Attack on an untouchable

While targeted therapies are on the rise, there are still tumors that cannot (yet) benefit from this development. One such is triple-negative breast carcinoma. But even here, far from targeted therapies, new insights are constantly being gained. For example, immunotherapy with checkpoint inhibitors appears to be a promising option.

Already contained in the term “triple-negative breast cancer” are the two main difficulties for the therapy of this entity: It is a catch-all of tumors defined by what does not constitute them, and known targets for targeted treatments are lacking. As triple-negative breast cancer still accounts for 15-20% of all newly diagnosed breast cancers, well-established and effective treatment regimens are of great importance despite these challenges. 95% of diagnoses are made in stages I-III, and only 5% of triple-negative breast carcinomas are already metastatic at diagnosis. Currently, 20% relapse during the course of the disease – a number that must be further reduced by optimizing management. Because even though much has been done, the outlook for triple-negative breast cancer is still the worst among breast cancers.

Analysis of a colorful pile

Triple-negative breast carcinomas are a heterogeneous group of tumors whose common feature is that they do not express estrogen or progesterone receptors, nor HER2. In general, the proliferation rate is usually higher than in other breast cancer types with a correspondingly poorer prognosis. Most triple-negative breast carcinomas are ductal, but other histologic types exist. Since these differ in terms of optimal treatment, careful histological diagnosis is of high importance. For example, adenoid cystic carcinoma has a good prognosis and does not necessarily require chemotherapy.

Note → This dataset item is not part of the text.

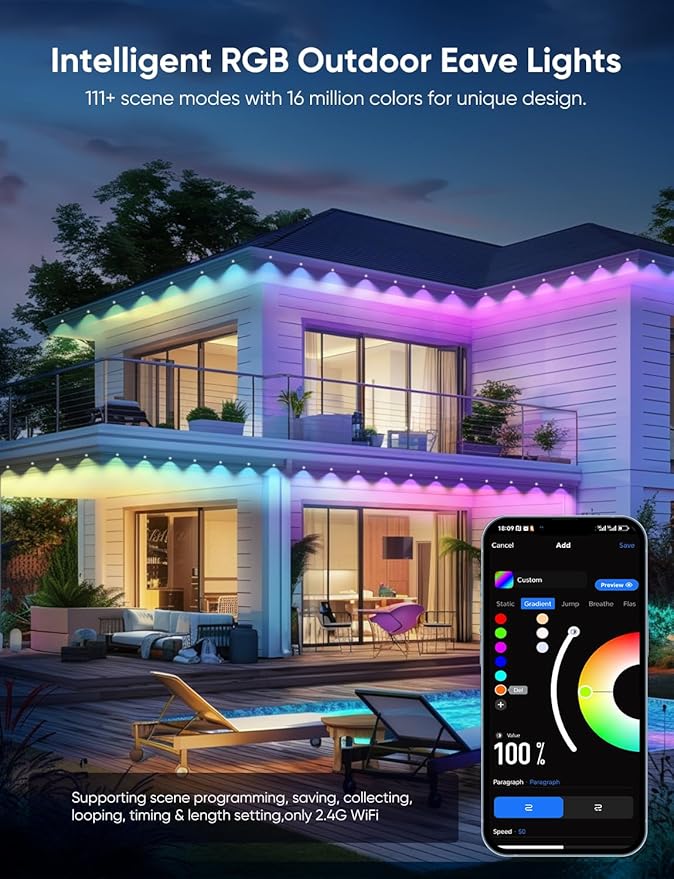 Permanent Outdoor Lights 100ft, RGBW Eaves Light - Image 3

So we are dealing with different opponents, which also differ molecularly. To this end, Lisa Carey from the University of North Carolina presented the CALGB 40603 study at this year’s San Antonio Breast Cancer Symposium, which, among other things, looked at the molecular characteristics of different forms of triple-negative breast cancer. She stressed the importance of such analyses, which not only serve to stratify risk but could also provide therapeutic targets in the future. Depending on the typing method, different proportions of luminal, mesenchymal and basal tumor subtypes were revealed.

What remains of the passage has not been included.